1.
Becky DeGeorge, rayonnante de son premier jour comme épouse de Michael, sortit du hall de l’hôtel en tenant son mari par la main. Elle respira l’air frais de la nuit : que ça faisait du bien après une telle journée.
Malgré la brièveté de leur vie maritale, Michael et elle avaient fait l’amour plusieurs fois et pris deux douches sensuelles ensemble. Ils avaient mis le nez dehors pour un dernier brunch, obligatoire, avec leurs familles. Ils s’étaient excusés, avaient filé à l’étage et fait sauter le bouchon d’une dernière bouteille de Champagne. Michael avait mis une cassette porno et, en la regardant, ils avaient joué des rôles inhabituels et excitants. Il semblait avoir plusieurs fantasmes liés au fait de porter des vêtements féminins.
Demain, ils s’en iraient à Mazatlan pour une semaine paradisiaque où elle explorerait toutes les zones érogènes du corps de Michael qu’il lui restait à découvrir. Peut-être même sortiraient-ils une ou deux fois pour voir les dauphins.
Jusque-là, décida-t-elle, tout se passait très bien.
Ce soir, ils allaient à la Blanchisserie française, le meilleur restaurant de Napa Valley. D’après la rumeur, c’était l’endroit où il fallait dîner et ils avaient réservé six mois à l’avance. Becky avait l’eau à la bouche en rêvant d’une suite fabuleuse de saveurs inconnues : foie gras, canard aux baies sauvages, le tout arrosé d’un Champagne hors de prix.

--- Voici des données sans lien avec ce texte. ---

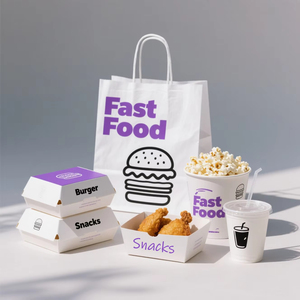Caja de Embalaje de Comida Rápida con Bisagras, Personalizada, Ecológica, de Papel Kraft, para Llevar Pollo, Papas Fritas, <span class=keywords><strong>Pizza</strong></span>, Hamburguesas - Product Image 5
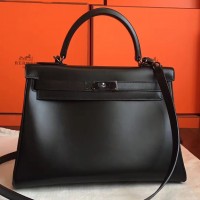 Replica Handbag Store So Black Box Kelly Retourne 32cm Handmade Bag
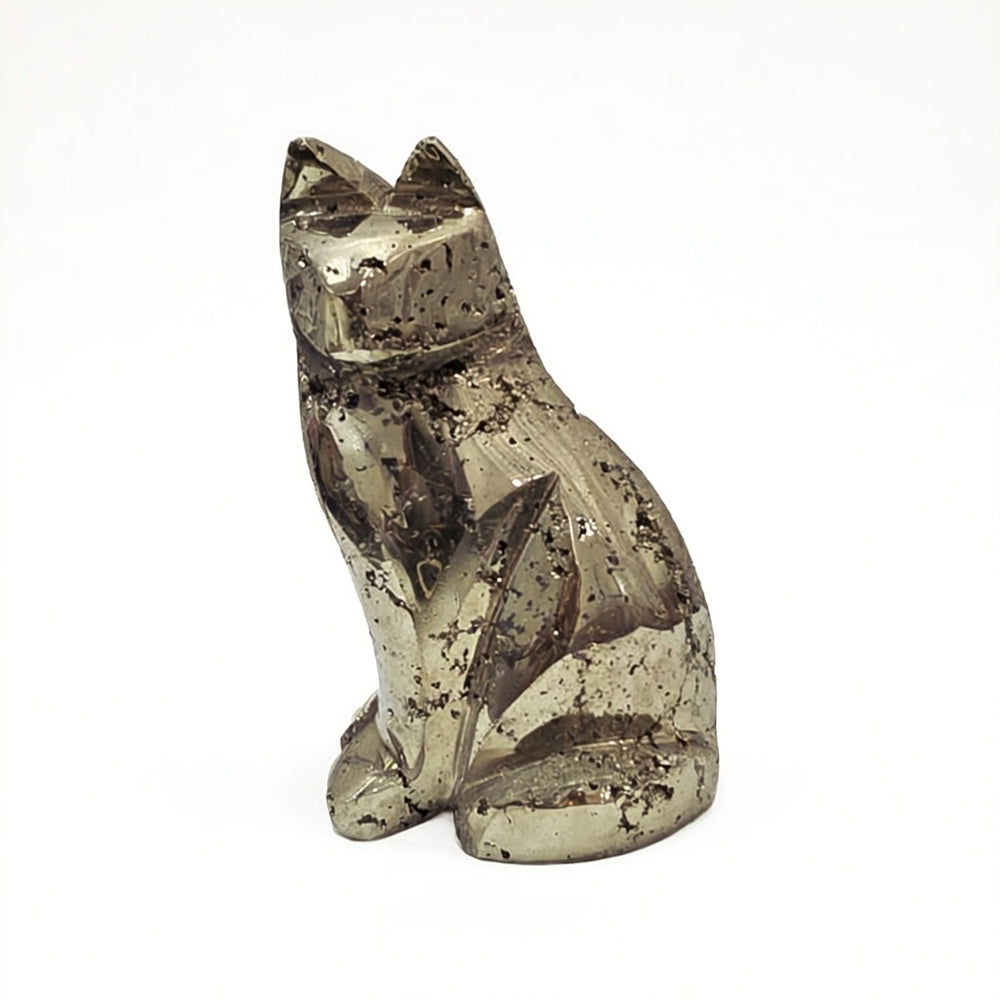 Peruvian Pyrite Cat Carving #26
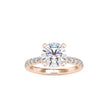 round cut solitaire lab-grown diamond ring in rose gold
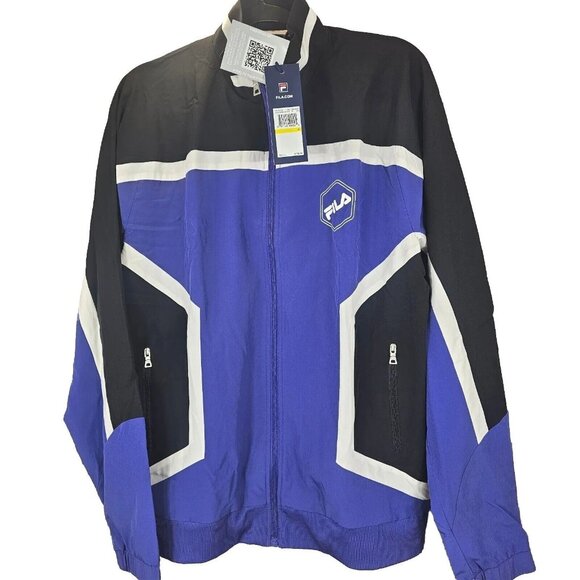 Fila Sanz Wind Full Zip Windbreaker Jacket - Purple/Black/White - Men's Size M - Picture 7 of 7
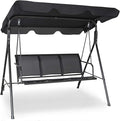TANGKULA 3 Person Patio Swing, Steel Frame with Polyester Angle Adjustable Canopy, All Weather Resistant Swing Bench, Suitable for Patio, Garden, Poolside, Balcony (Black)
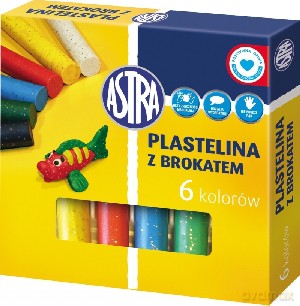Plastelina z brokatem 6 kolorów [SZKOŁA]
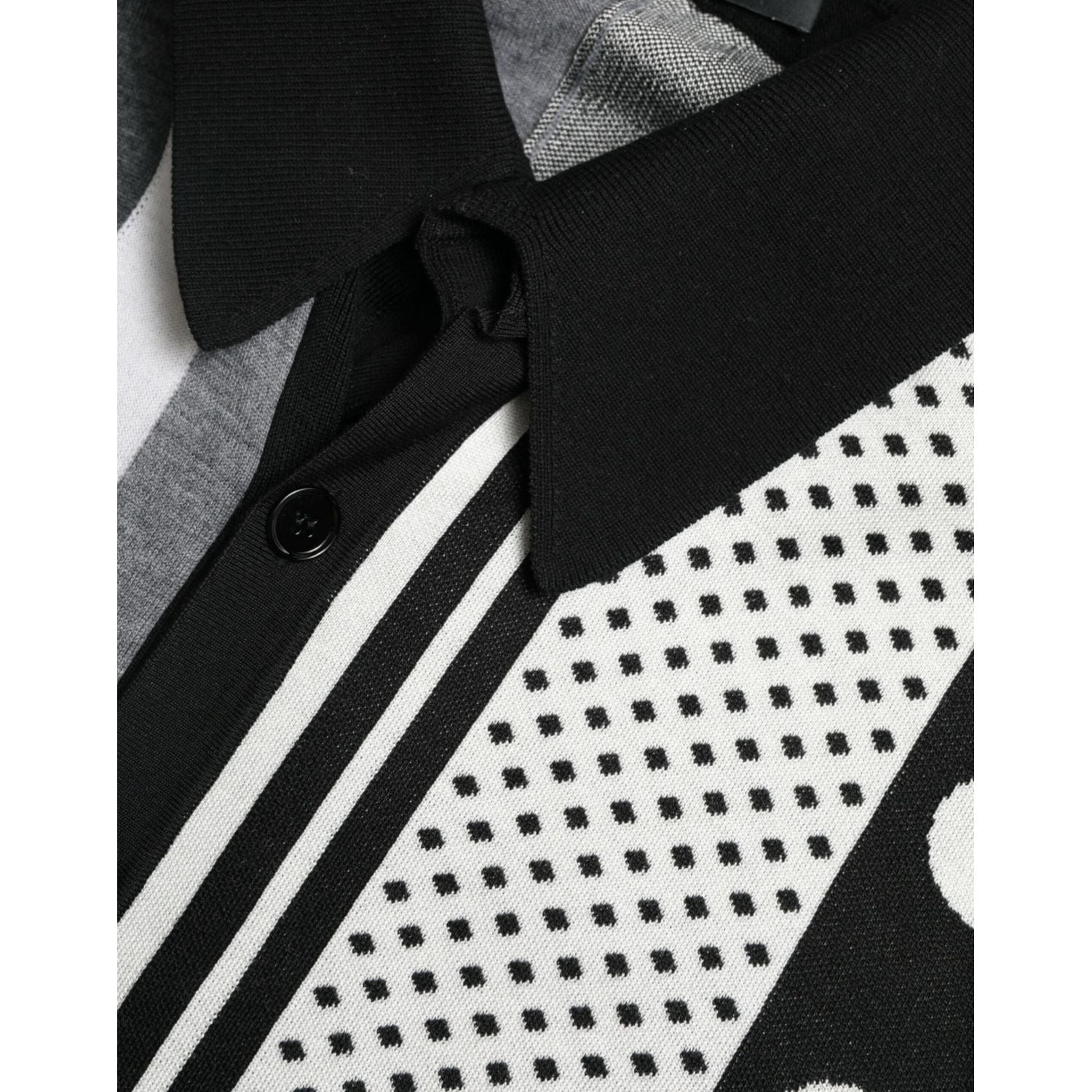 Dolce & Gabbana Black White Jumper Cardigan Polo Sweater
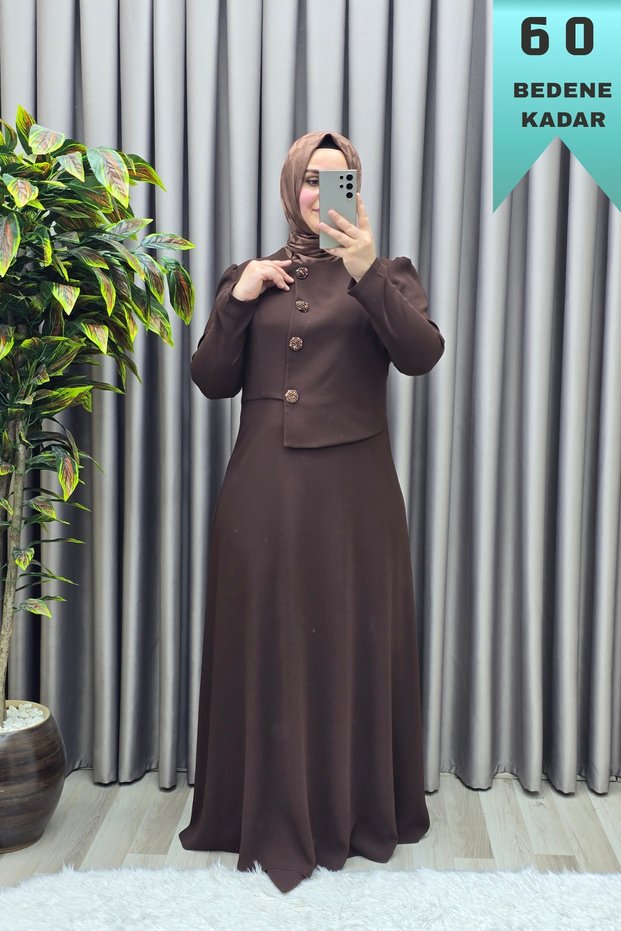 Women's Clothing Plus Size Diamond Buttoned Mevlana Crepe Evening Dress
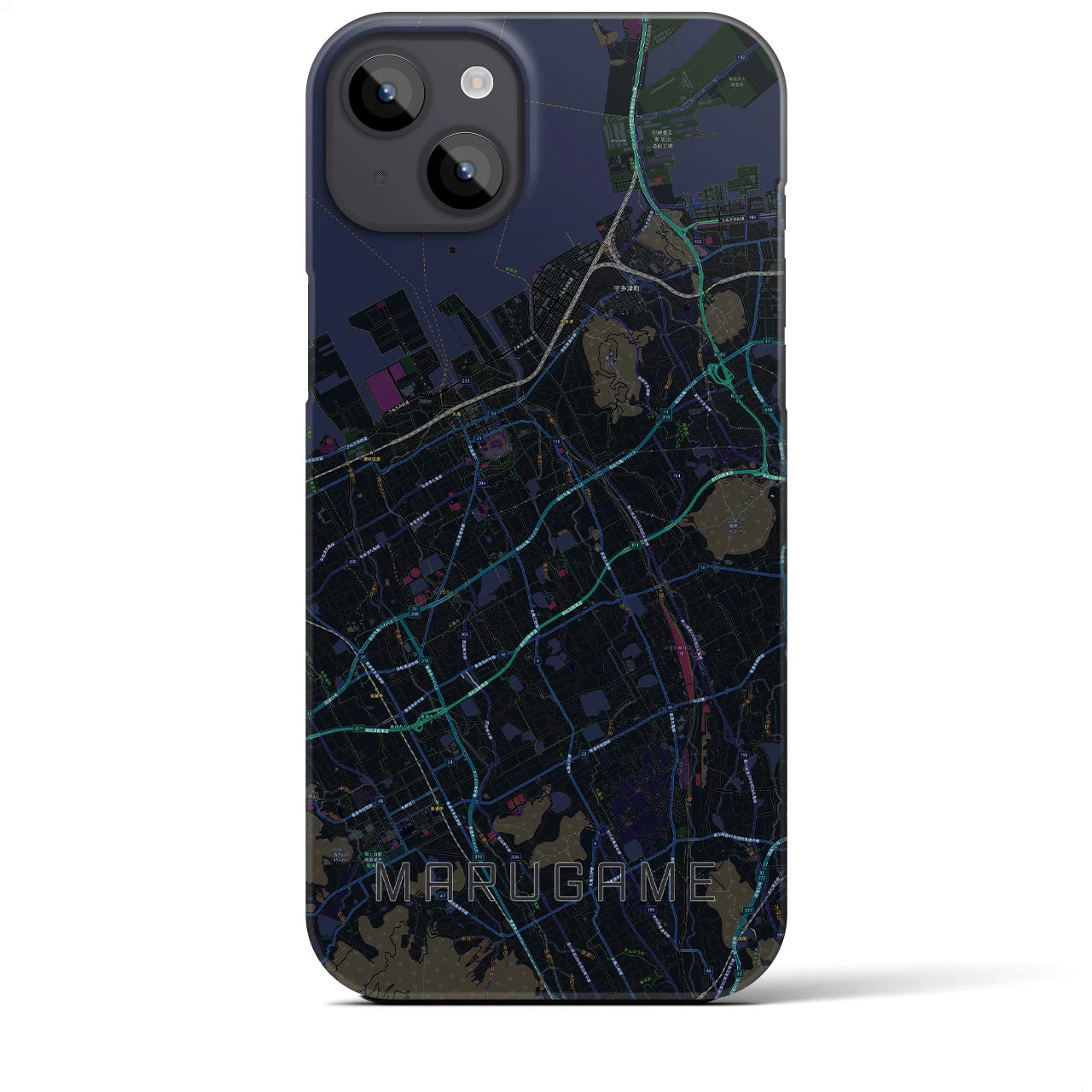 【丸亀（香川県）】地図柄iPhoneケース（バックカバータイプ）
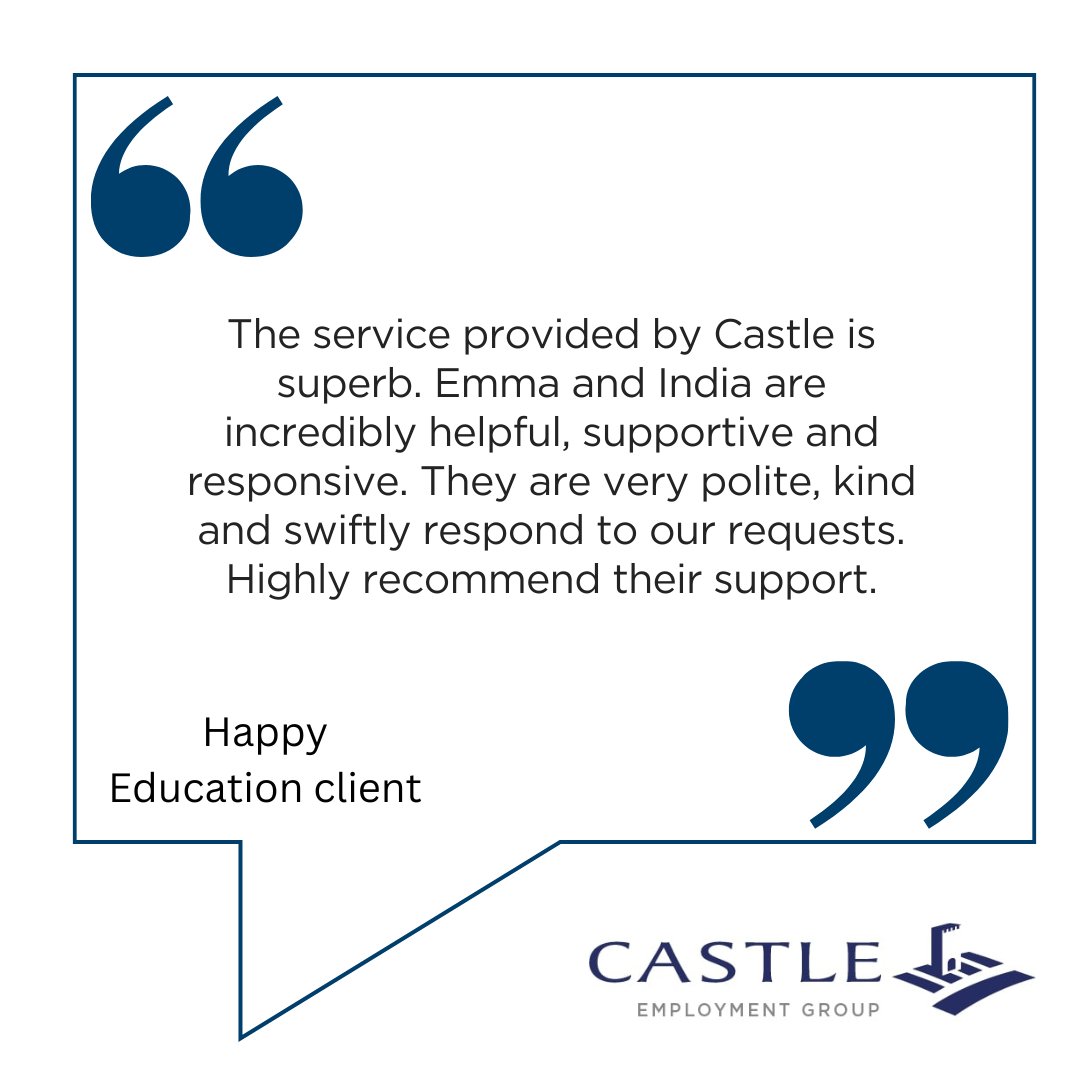 CastleEmploy's tweet image. Our Education team work incredibly hard to support our schools and teachers throughout the year. So it is always lovely to receive such great feedback.
#testimonialtuesday #educationsupply #educationrecruitment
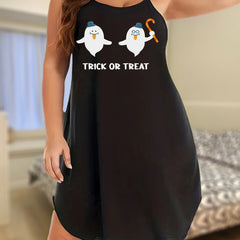 Halloween Nightdress Women's Plus Funny Ghost & Letter Print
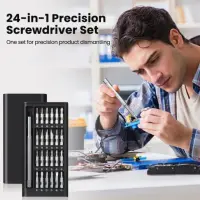 24 in 1 Precision Screwdriver Set with Magnetic Driver, Jiffix Pocket Manual Screwdriver Tool Kit with Sliding Closure, Mini Professional Repair Tools for Electronics/Watch/Camera/Laptop/Glasses — 1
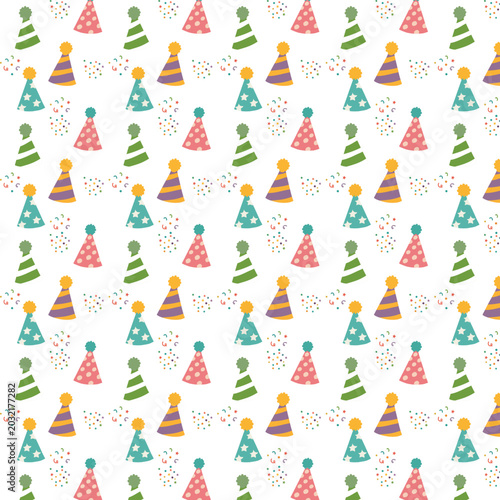 A seamless birthday party hat pattern with colorful striped and polka dot hats and confetti is illustrated in a playful flat vector style perfect for wrapping paper, party decor, and festive celebrati
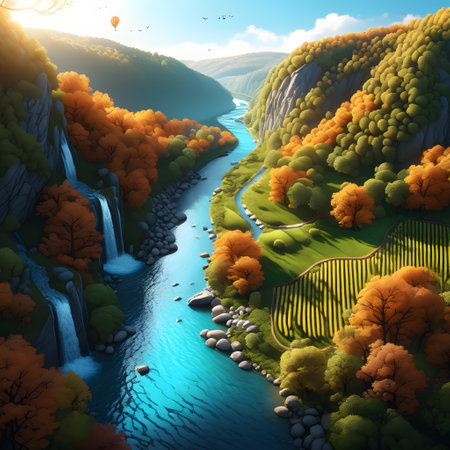 River in nature with trees and skyの素材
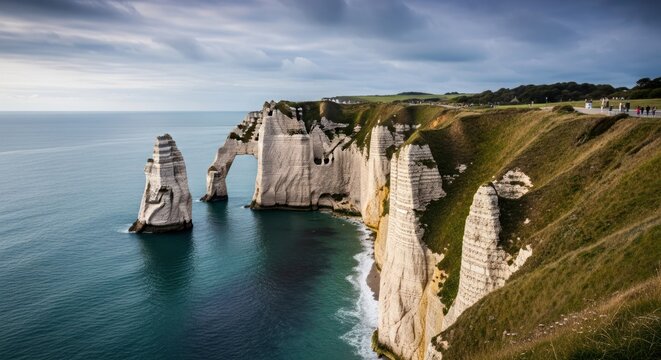 Dramatic coastal cliffs meet the sea - Powered by Adobe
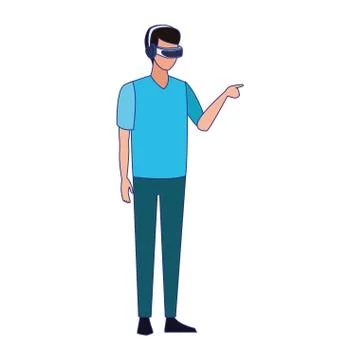 Man using technology of augmented reality vector design Stock Illustration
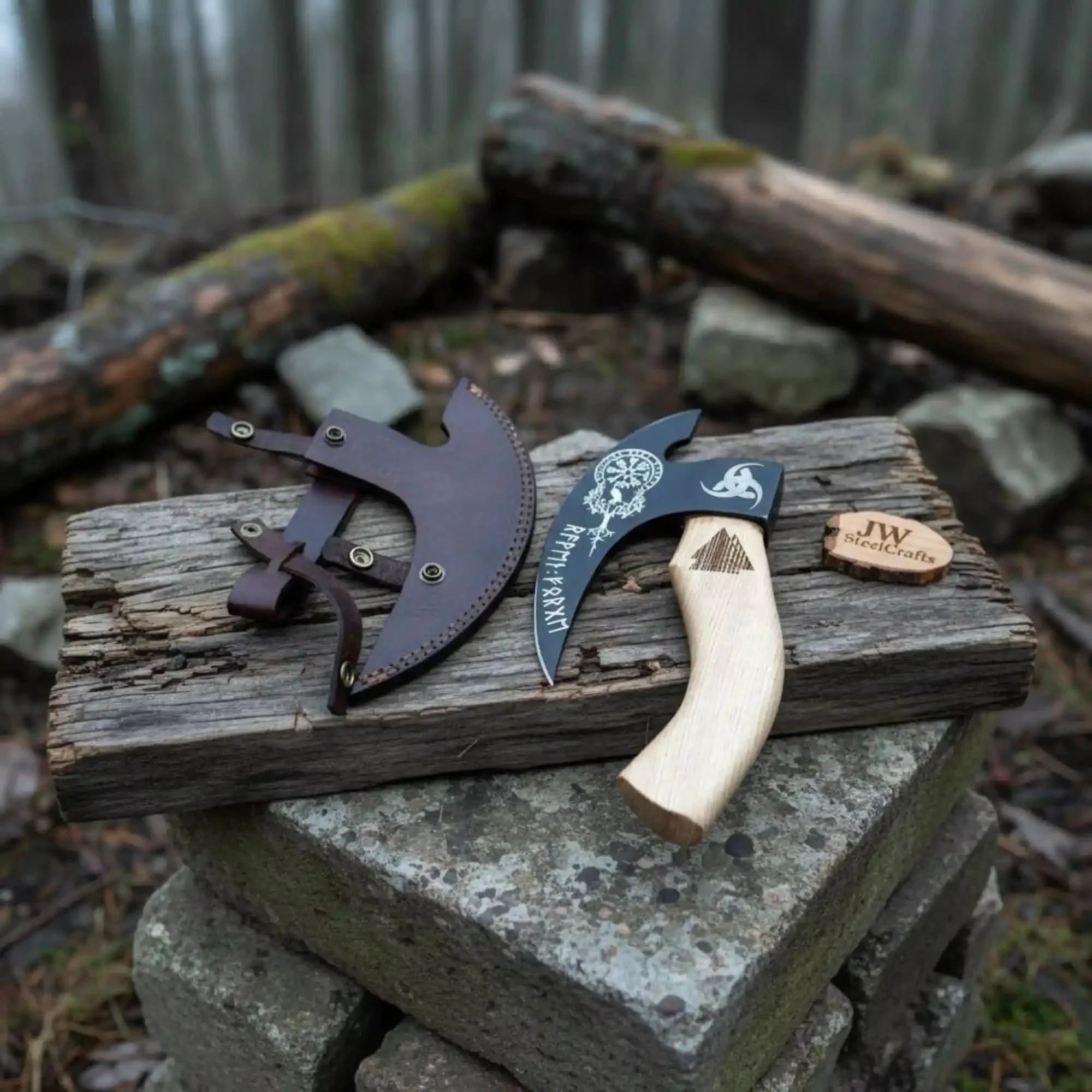 Viking Rune Engraved Bearded Axe Pizza Cutter — Carbon Steel Blade, Ash Wood Handle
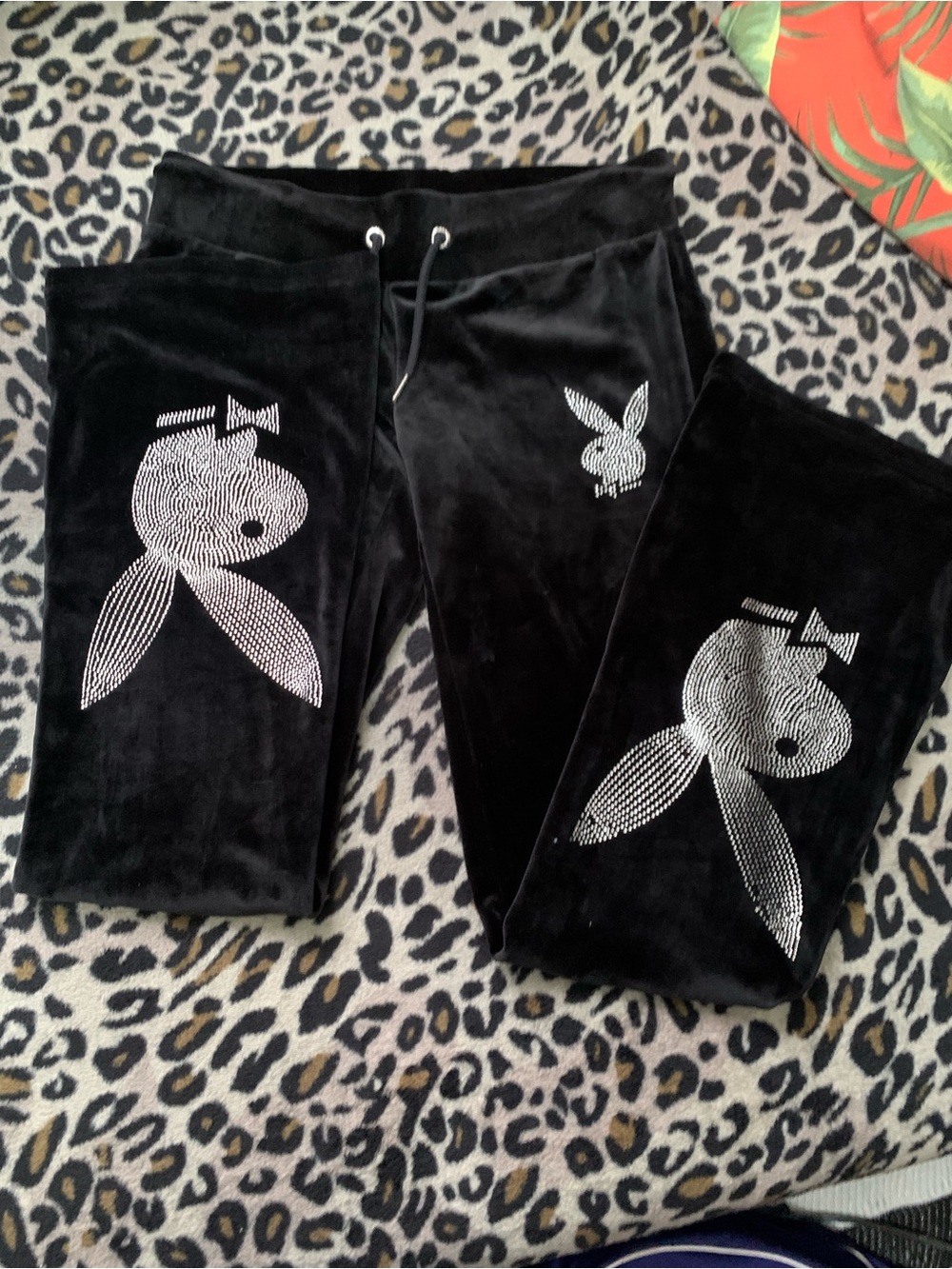 Playboy Women’s Black Velour Rhinestone Logo Joggers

Au cours du bref trajet jusqu’à leur voiture, une limousine noire vint s’arrêter près d’eux. La vitre passager se baissa et un chauffeur en uniforme sortit la tête.
— M. et Mme DeGeorge ?
Ils se regardèrent, interloqués, puis sourirent.
— Oui, c’est nous.
— Je suis à votre disposition, déclara le chauffeur. Avec les compliments de l’hôtel.
Becky était au septième ciel.
— Vous voulez dire pour nous ?
Une fois déjà, dans son boulot de secrétaire juridique, elle avait roulé dans une limousine fabuleuse, mais c’était coincée sur la banquette arrière avec quatre avocats préoccupés.
— On l’a louée et réglée pour la soirée, fit le chauffeur avec un clin d’œil.
Les jeunes mariés échangèrent un regard surpris.
— Personne ne m’a parlé de ça, dit Michael, apparemment ravi d’être pris pour un VIP.
Becky jeta un regard dans l’habitacle.
— Oh, Michael.
Sièges en cuir luxueux, bar d’acajou poli avec verres en cristal. Les lumières tamisées offraient une atmosphère romantique. Il y avait même une bouteille de chardonnay à rafraîchir dans un seau à glace. Becky songea au plaisir d’arriver au restaurant le plus mode de Napa dans cette merveilleuse voiture.
— Allez viens, Michael, dit-elle en riant, le tirant presque à l’intérieur. Ça va être un voyage de rêve.
— Je vous attendrai à la sortie du restaurant, ajouta le chauffeur. Et il se trouve que vous parlez à quelqu’un qui connaît les routes les plus pittoresques de la Napa Valley.
Elle vit que Michael était sur le point de céder.
— Ne voulez-vous pas traiter votre princesse royalement ?
Tout comme il l’avait fait quand elle l’avait accueilli d’un sourire au bureau la première fois, tout comme au lit hier au soir, elle le vit changer d’avis lentement. Il était parfois un peu trop prudent. Les comptables l’étaient souvent. Mais elle trouverait toujours moyen de le décontracter.
— Tout ce que veut Becky, conclut Michael2.